# EXERCISE GOAL
Find the line below with "VALENTINO GARAVANI GARAVANI". Print it and every line after it exactly, through the last line, leaving out the pictures.

# THE DATA

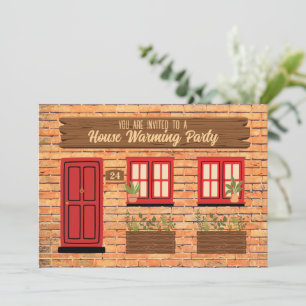 Invitation Maison en brique avec la porte rouge Maison de cha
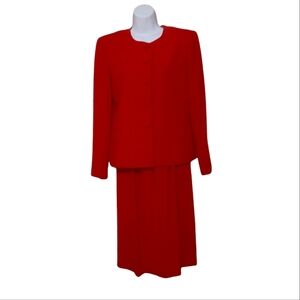 Leslie Faye  Red Suit-Long Sleeve, Button up Front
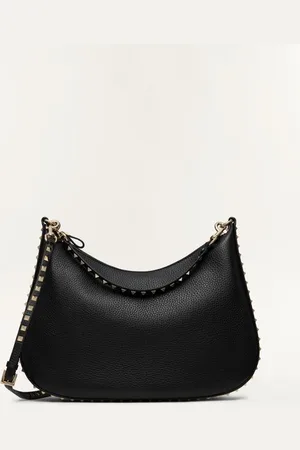 VALENTINO GARAVANI GARAVANI ROCKSTUD HOBO BAG IN GRAINY CALFSKIN Woman UNI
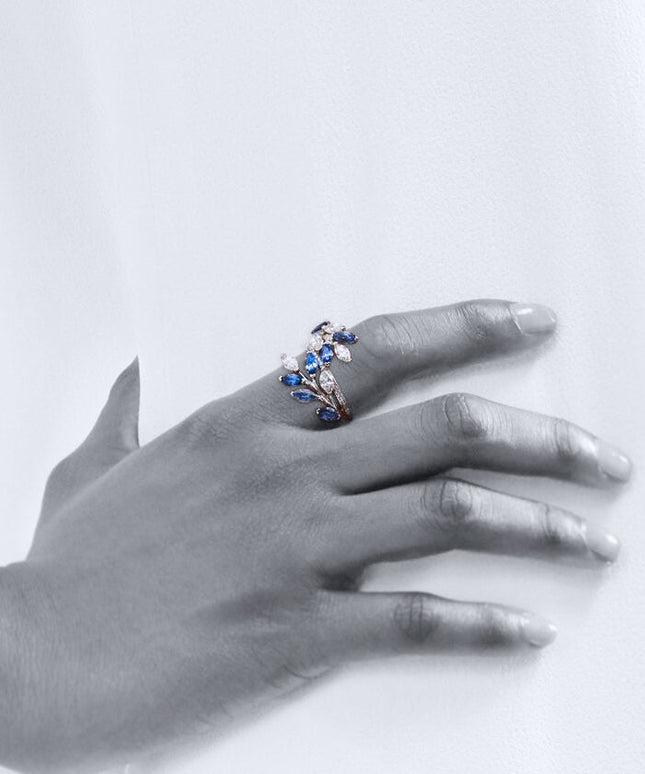 High Carbon Diamond Flower Cluster Vine Surround Ring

# WRITTEN RESPONSE
 VALENTINO GARAVANI GARAVANI ROCKSTUD HOBO BAG IN GRAINY CALFSKIN Woman UNI
 High Carbon Diamond Flower Cluster Vine Surround Ring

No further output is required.